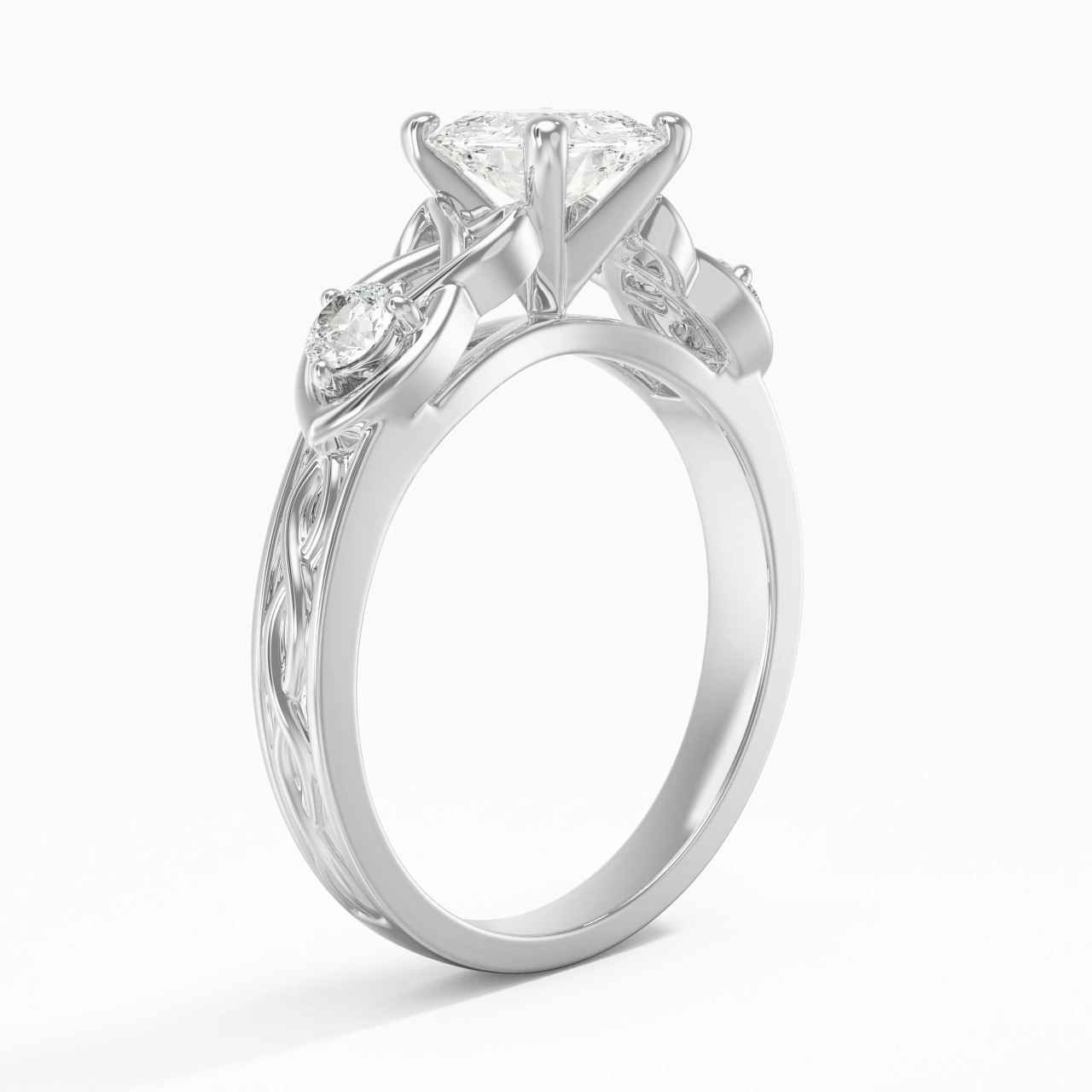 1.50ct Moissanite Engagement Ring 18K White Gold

==

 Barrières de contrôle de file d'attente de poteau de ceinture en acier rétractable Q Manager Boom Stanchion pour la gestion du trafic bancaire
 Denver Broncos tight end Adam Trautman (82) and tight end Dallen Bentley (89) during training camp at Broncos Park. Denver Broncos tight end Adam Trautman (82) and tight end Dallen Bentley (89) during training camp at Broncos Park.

...

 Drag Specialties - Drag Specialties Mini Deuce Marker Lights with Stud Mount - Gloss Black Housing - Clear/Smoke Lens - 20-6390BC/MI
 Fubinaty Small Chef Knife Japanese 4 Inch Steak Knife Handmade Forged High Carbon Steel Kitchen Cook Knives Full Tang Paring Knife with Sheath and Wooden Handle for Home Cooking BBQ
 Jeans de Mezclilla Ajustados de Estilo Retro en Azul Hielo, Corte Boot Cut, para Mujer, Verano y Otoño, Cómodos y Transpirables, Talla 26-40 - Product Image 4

» Directions
If a line in the records above contains the string "with", copy that line out.

» Expected answer
 Drag Specialties - Drag Specialties Mini Deuce Marker Lights with Stud Mount - Gloss Black Housing - Clear/Smoke Lens - 20-6390BC/MI
 Fubinaty Small Chef Knife Japanese 4 Inch Steak Knife Handmade Forged High Carbon Steel Kitchen Cook Knives Full Tang Paring Knife with Sheath and Wooden Handle for Home Cooking BBQ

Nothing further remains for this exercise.